When I was a small child, on Sunday mornings my father sometimes took me to the local station to watch an express steam train thundering through at around 100 mph. It was an awe-inspiring experience unmatched by any contemporary technology. The ground beneath your feet would start to tremble when the train was only just visible in the distance. I remember total silence, then the buzzing and vibration of the rails, a few seconds of enormous noise, steam, wind and terror, then total silence again. That the memory is so vivid is partly to do with scale: I was little more than a toddler at the time.
Because of my father's business, we could rarely go on holiday. So on those Sunday mornings on a deserted station we would make fantasy railway journeys.
This involved getting into one of the empty carriages that had been parked at a platform for the weekend and pretending we were hurtling along the tracks to the coast. (My father has always had a cavalier attitude to the concept of 'trespass'). I still recall my deep embarrassment when we were brusquely evicted from one of these carriages by a cleaner, not least because we were both making choo-choo noises when she opened the door.
I was slightly consoled by my weekly go on a weighing machine on the platform. You put a penny in the slot and it printed your weight on a cardboard ticket. I'm not sure why it was thought that railway passengers might be overcome by a sudden impulse to weigh themselves. But that magical machine gave me more pleasure than technologies yet to be invented. Unlike those, it did one small thing very well and never got above its station.
A man and a small boy at an empty, windswept station in the 1950s going on a make-believe journey in a grubby yet strangely cosy railway carriage with thick upholstery and framed scenes of Britain above the seats: I'd like to say the memory is sepia-tinged but I'd be lying because I can still see the colours. The cream zig-zag-edged awning over the platform, the dark green seats of the carriage, the bright red weighing machine.
Above all, those fantasy journeys we took were an introduction to the potency of the fourth dimension: the Imagination. Not a place to live your life - particularly as Reality is liable to burst in wielding a disapproving broom - but an essential part of being human and the crucible of creativity.

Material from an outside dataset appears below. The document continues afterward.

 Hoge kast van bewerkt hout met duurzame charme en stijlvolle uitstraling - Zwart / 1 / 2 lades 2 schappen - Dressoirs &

I doubt that CGI and cyber-worlds will provide quite such fond memories for today's children as that image of a father and son sharing an imaginary journey to imagined places in a deserted railway siding.
Choo-choo!
2 Comments:
I remember Terry Coleman (if it's the same chap) when he wrote for The Guardian in the 80s. He hated pop music, I recall, so some bright spark sent him to cover Live Aid. He was very rude about Simple Minds.
tim: yes, it's the same chap.
He was already with The Guardian when he published The Railway Navvies in 1965.
He was a very good, rather idiosyncratic journalist and also did dome good interviews.